I just went out and loaded the wood boiler. This wind is crazy and driving the rain so it stings like hell. We are at 38 degrees and the greenhouses will take a bunch of heat in this wind. Will see what it looks like tomorrow unless the power goes out.


----------



## FrancSevin

Wind has tickled our power here on northeast CT.  Internet went down for a while. Now, that was serious.

From the looks of it,we will not need the generator.   if power goes, My Dodge truck inverter will handle the furnace and one frig.  Other inverters I brought will run computers and a TV for two days off batteries.

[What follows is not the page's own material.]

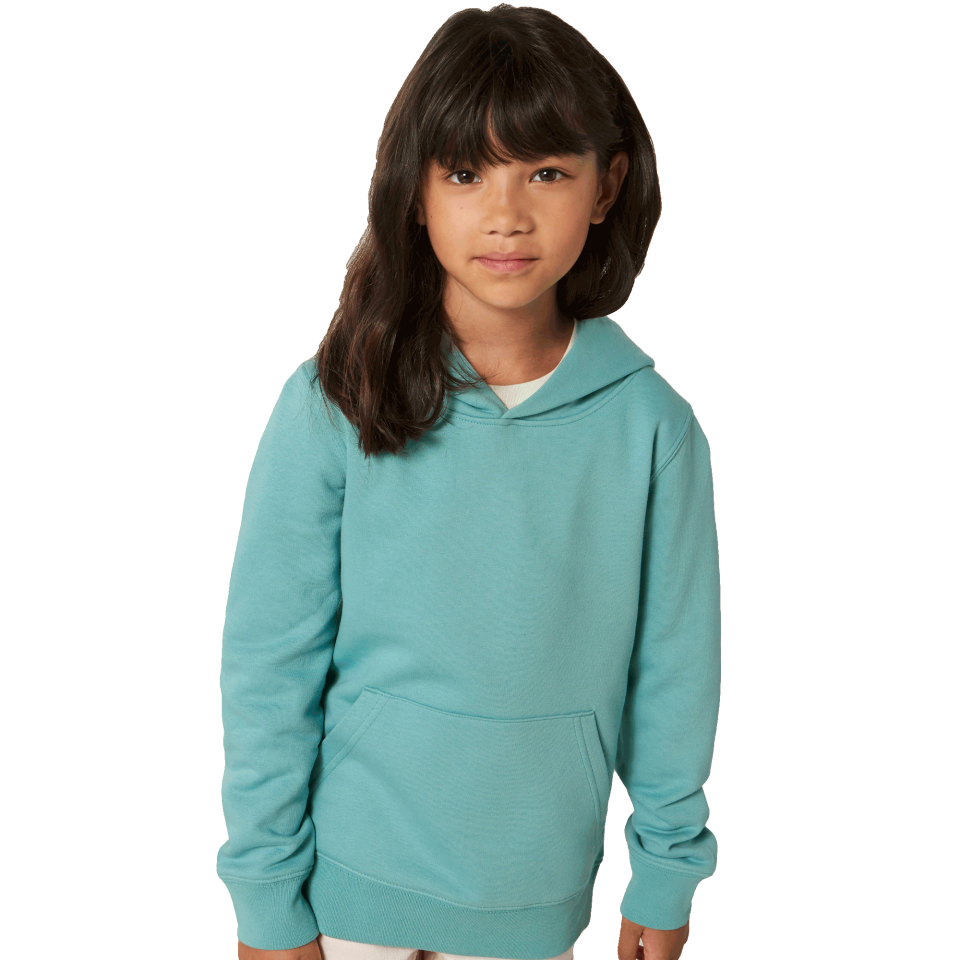 Sudadera niño con capucha de algodón orgánico Stanley/Stella Mini Cruiser personalizada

250 gals of fresh water and plenty of canned food. two canisters of Propane for the stove and plenty of firewood.

Sorry to disappoint JoeC but we northerners were prepared. We live in tornado ally. Hurricanes are nothing in comparison.  

 Just wish I had brought the Gen system so my invalid son and his family didn't have to worry.


----------



## muleman RIP

They just killed all the power on the islands around NYC and lower Manhattan.Surge is breaking over some of the islands as the tide comes in.


----------



## joec

My point folks is a hurricane comes with up to a weeks advanced warning and it you aren't prepared it only means two things, you don't listen or you can't for some other reason such as a you have no choice in the matter such as no means to get ready.


----------



## FrancSevin

joec said:


> My point folks is a hurricane comes with up to a weeks advanced warning and it you aren't prepared it only means two things, you don't listen or you can't for some other reason such as a you have no choice in the matter such as no means to get ready.



On that we agree.  It is why tornadoes are far more dangerous than Hurricanes.  

Katrina had two weeks warning for the Gulf region and at least five days for New Orleans.  Not one soul should have died in that city.


----------



## tiredretired

Just had a gust of 41 MPH, very little rain so far and have set a new record low for barometric pressure since I have been monitoring it.  Not bad so far as we routinely get gusts here over 40.  The brunt seems to be going south of us and that is fine with me.


----------



## JEV

Generator tested and plenty of fuel stocked in for it, and both vehicles  are full. Plenty of ammo stocked in for 9mm, .40 cal and .45 ACP, just in case. All batteries are at full charge including the UHF/VHF handheld  ham radio and backup battery which can be connected to the rooftop  antenna for additional range if needed. No worries here if the cell  towers drop out, because we have our local ARES (Amateur Radio Emergency  Services) network activated. 

Extra sump pump staged if the primary goes out, and high water alarm  tested so I know if the pump fails. They are predicting high winds at  50mph+ for tonight and tomorrow, with waves on Lake Erie topping 20 feet  from the north. Very unusual for NE Ohio to see waves this high, but  its a very unusual storm.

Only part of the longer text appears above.